The organization of the powers of wealth production, i. e., the economic organization of human society, is rapidly approaching that degree of perfection where it can no longer be held in subjection and subservience to the whim or caprice of anything less than the whole people acting together in the common interest. In fact it can no longer be kept from performing its proper function of providing human society, even down to its humblest unit, with the material requisites to a full, fair and healthful existence, in return for services rendered in the interest of the commonweal.

There is evidence upon every hand to show the near approach of the collapse of the present or capitalist control of the economic organization and its assumption by human society as a whole for the common good. That this impending change will be effected by the action of the working class does not in the least alter the facts in the case. The victory of the working class in the impending conflict with the capitalist class merely signifies the application of the benefits arising from the highly developed and powerful economic organization, to all of the members of human society, instead of to a favored few as at present.

To effect this change, so imperatively demanded by the needs of the hour, necessitates the conquest, by the working class, of that sole point of vantage from which the ownership—and therefore control—of economic organization and power can be dictated and enforced.

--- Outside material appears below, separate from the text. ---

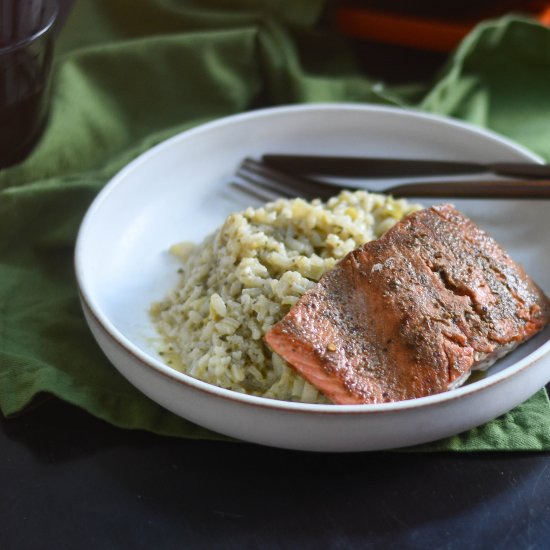 Creamy Pesto Risotto Recipe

This point of vantage is government, the organized power of the state. It is this power alone which today withholds, from all but a favored few, any participation in the benefits arising from the powerful modern economic organization. It is the power that holds intact the present or capitalist form of property in the means of wealth production, and thus preserves to the capitalists the control of economic power and the absorption of the wealth arising from its exercise. It is the power that holds the working class in its present condition of economic bondage, or wage-servitude. It is the power that must be broken before the present economic organization of human society, the product of centuries of development, can be put to its proper use of lightening the burden of toil upon the shoulders of the individual man.

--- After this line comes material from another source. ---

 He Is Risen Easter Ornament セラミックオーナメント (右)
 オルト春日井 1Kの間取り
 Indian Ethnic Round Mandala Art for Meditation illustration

Individual zealots, who are carried off their feet by sudden waves of enthusiasm brought on by Utopian visions of glorious prospects opened to their admiring gaze by the magic wand of their own conceit, would build what they term “economic organization” in which the workers are to be “drilled” for the task of “taking over and successfully operating” the industries, when capitalism shall, by some mysterious process, have been overthrown. These worthies, however, overlook the fact that the only possible, or even thinkable, economic organization already exists and the workers have grown up with it; have been drilled into its operation, and today are operating it with all the measure of success possible under its present form of ownership and control. That these workers have little or no participation in the accruing benefits, does not arise from their lack of ability to operate, but in the capitalists’ power to apply these benefits to other purposes. The action by the working class that is necessary in order to deprive the capitalists of the power to thus appropriate the fruits of industry to their own purposes, has already been mentioned and needs no further elaboration. It is so palpably self-evident that it could not well escape the notice of any one with his eyes open.

E. T. Kingsley

—“Economic Organization,” Western Clarion, July 1911, 18–20.